A melhor forma que tenho de descrever Bayonetta 3 é que é…fixe. Fixe a valer. Não é o início mais glamoroso de análise que já escrevi, eu que podia estar aqui a inventar figuras de estilo em torno de um certo gravitas jazz-rock artístico, mecânico e espiritual da jóia da coroa da Platinum Games…
…ahem, desculpem. Não resisti, afinal.
Pese ser um jogo cuja narrativa se termina em dez horas (numa dificuldade que vos seja confortável, claro está), tenho tanto que merece ser escrito sobre essa sensual bruxinha que até nem acaba por ser sexualizada, ao longo de três jogos que quase ninguém jogou. Eu fui um desses ninguéns, que jogou muito Devil May Cry 3 e não passou pela geração seguinte (Bayonetta, 2010) ou se dignou a ter uma Wii U (Bayonetta 2, 2014).

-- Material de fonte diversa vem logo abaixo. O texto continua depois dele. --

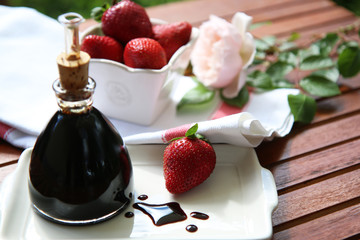 Aceto balsamico tipico di Modena in abbinamento con fragole, primo piano in esterno
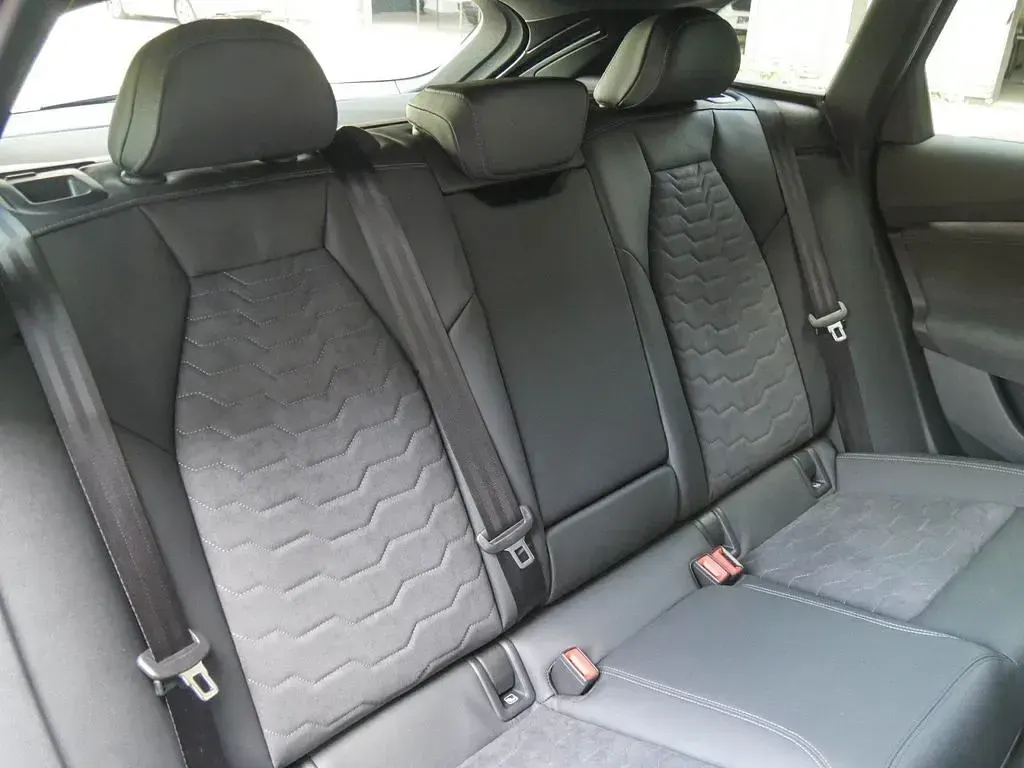 Gebraucht Audi A6 e-tron S-Line 210 kW (286 PS) 2026 Schwarz Kombi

Como muitos, perdi umas dessas pérolas adoradas pela crítica, que ironicamente deixa a conclusão da trilogia uns furinhos abaixo das anteriores enquanto as vendas prometem disparar no sentido inverso, agora que um bom jogo da Platinum é lançado no ecossistema certo de consolas. Nunca tinha jogado Bayonetta, pelo que nestas franquias tenho sempre algum receio de entrar pela porta dos fundos e apanhar tudo do ar.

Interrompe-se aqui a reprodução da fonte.